186 Spring Street and a GVSHP-led press conference outside the building, courtesy of GVSHP
Speaking of LGBT history, in 2012 you advocated for the preservation of 186 Spring Street based on its social importance to the neighborhood—some of the most important LGBT activists of the 1970’s lived and worked there. How do you feel landmarking should toe the line between architectural and cultural significance?
Andrew: It’s challenging in terms of landmarking because it regulates what you are physically preserving. The Charlie Parker Residence and the Louis Armstrong House have successfully done it because of the people associated with them. I think typically the question is how much does the structure look like what it did during the significant events and how much does the look relate to those historically significant events. In the case of 186 Spring Street, which was a real nexus of activity in the post Stonewall gay rights movement in New York, the building was largely unchanged from its period of significance and not much had changed from when it was built in the 19th century, which spoke to how the building had evolved over time.

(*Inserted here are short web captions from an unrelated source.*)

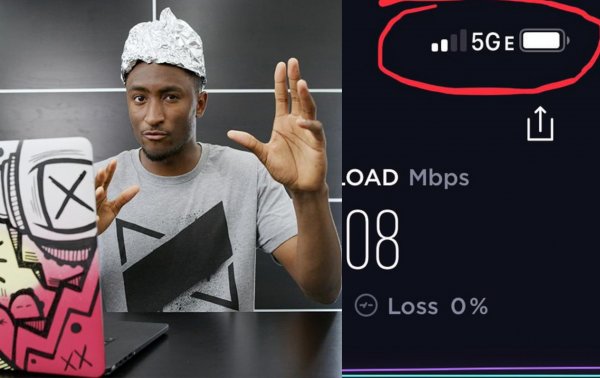 «5G так не работает»: Блогер раскрыл популярный обман операторов связи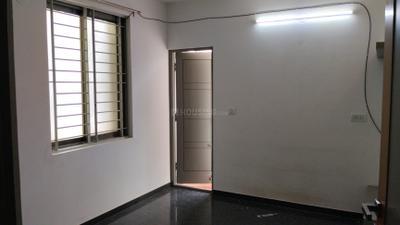 Living Room Image of 650 Sq.ft 1 BHK Apartment / Flat for rent in Brookefield Bengaluru for Rs. 26000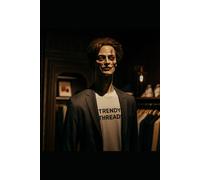 Trendy Threads: 23 (The Fear Files)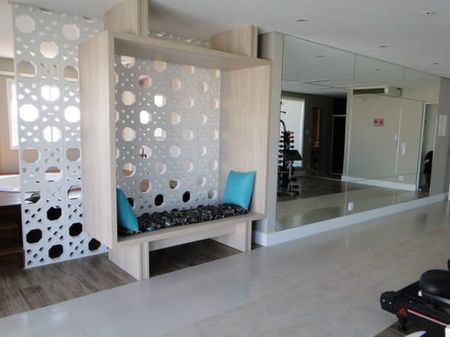 Apartamento com 1 quarto e 35m² para alugar em Rudge Ramos, São Bernardo do Campo. - Foto 5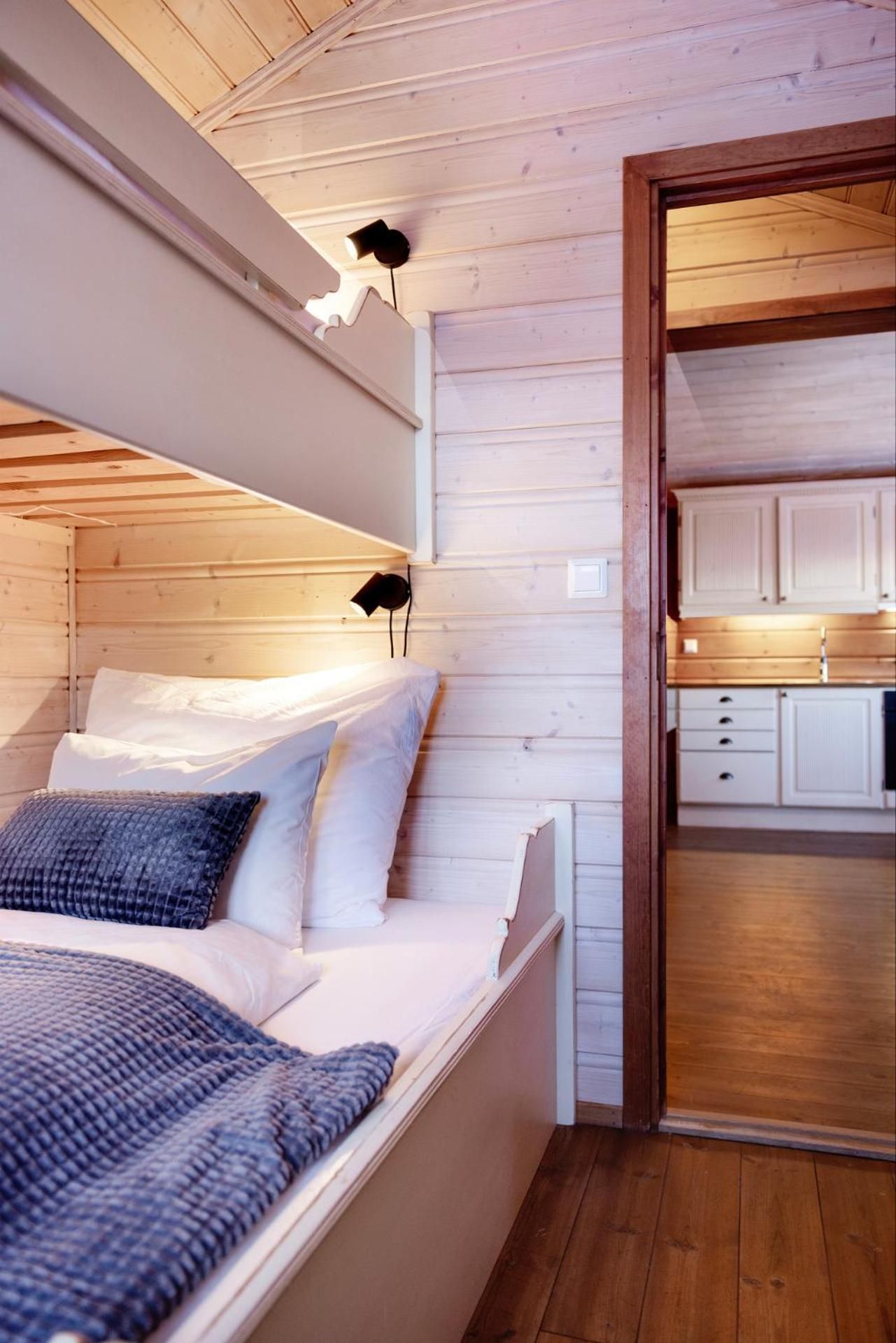 Apartment with Sauna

3 West 13th Street courtesy of Park Property Advisors
It’s a common misconception that preservationists hate all modern architecture, and of course we know that’s not true. What’s your favorite contemporary building in the city?

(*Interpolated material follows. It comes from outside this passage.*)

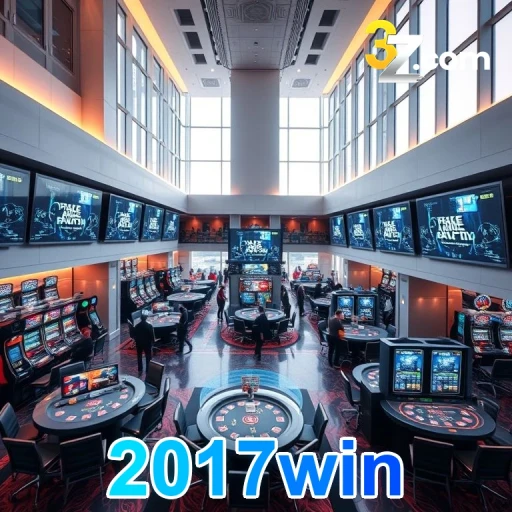 2017win Jogos de caça-níqueis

Andrew: I do think that’s a misconception; preservationists have a great deal of respect for modern architecture that’s done well. In the last 10/15 years we’ve seen some good examples of new modern buildings going up in Soho, Tribeca, and the Ladies Mile Historic Districts where the architects did a good job of reinterpreting and updating the contemporary take on a loft building. One example is 3 West 13th Street by Avi Oster Studio– it’s largely glass and metal, but it fits in with the historic buildings discreetly while contrasting them in a respectful way.
GVSHP’s Rosie the Riveter icon and 128 East 13th Street, courtesy of GVSHP
GVSHP has had countless victories preserving the architectural and cultural history of the Village. And while I’m sure you don’t like to pick favorites, is there one success that is especially meaningful to you?
Andrew: Yes, there’s two. The South Village Historic District was designated at the end of last year, and it was particularly meaningful for a variety of reasons. There’s so much cultural history there. We managed to get several NYU buildings included within the district that the city initially excluded. This will prevent a 300-foot-tall dorm from being built on Washington Square South. And finally, it was very clear that the city was not going to approve the district, but we used the leverage we had with the Hudson Square rezoning and demanded that the City Council not approve the rezoning unless the South Village designation moved ahead because changes to Hudson Square would have impacted the neighborhing South Village.
The other one is the Van Tassell and Kearny Horse Auction Mart at 128 East 13th Street. It was days away from the wrecking ball, and we rushed to the LPC and urged them to act quickly. They did calendar it quickly, but it took six years to landmark. The building’s history is so unique and reflective of the development of the neighborhood. It started as place where horses were sold to wealthy families, and then when the East Village became gritty and industrial, it was used as an assembly line training school for women during WWII. That’s why we used the Rosie the Riveter image as an icon for the preservation campaign. And in the 1970’s it served as Frank Stella’s studio. How many building have those three incredibly different but rich layers of history?